Blind Estimation of Non-stationary Noise in MRI

Abstract

The counterpart of the acceleration capability of parallel MRI (pMRI) techniques, is that the artifact correction techniques affect the nature of noise. As a consequence of the different algorithms, noise in the reconstructed signal becomes non-stationary, i.e., the variance of noise \(\sigma ^2(\mathbf{x})\) becomes dependent on the position and, sometimes, also on the signal. Some methods have been proposed in the previous chapters to deal with non-stationary noise in MRI. However, their performance depends on information not usually available, such as multiple acquisitions, the receiver covariance matrix, the sensitivity coil profiles, reconstruction coefficients, or even biophysical models of the data. In this chapter, a different paradigm is considered: blind estimation. The estimation is carried out only assuming a statistical model for the data.
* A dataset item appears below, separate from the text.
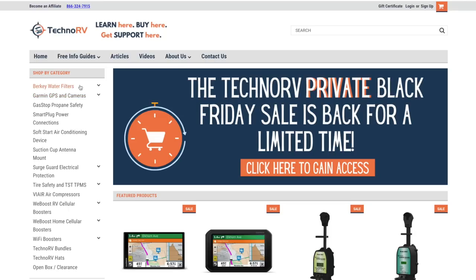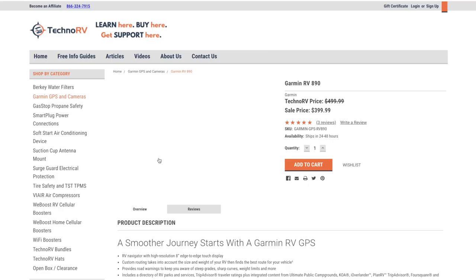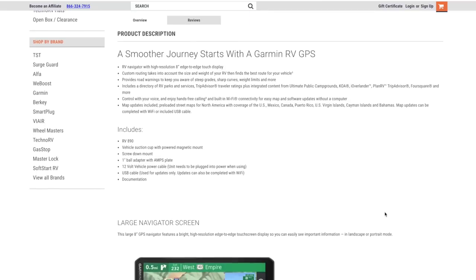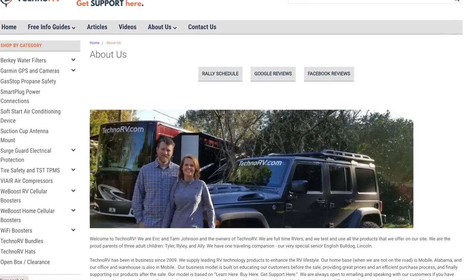We are affiliates with Techno RV — Eric and Tammy — and they have been so helpful. I got online on their chat wanting to order the Garmin for Norm for Christmas. It was Eric who was chatting with me — not just someone who doesn't know the product. The next time I got on, it was Tammy. They are full-time RVers themselves, so they're in the business. They use these things regularly and they're the ones you chat with if you call or use the chat service on their webpage.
No specifics about the transformation, nor extra parameters are needed. The main difficulty of this kind of analysis is that a single value of \(\sigma ^2\) no longer characterizes the whole image, on the contrary, a value for each position x must be calculated. We review the different proposals in literature for blind non-stationary noise estimation are reviewed and validated, assuming three different noise models: Gaussian, Rician, and nc-\(\chi \). A deeper attention is paid to the homomorphic. Finally, the methods are tested through several synthetic and real data sets.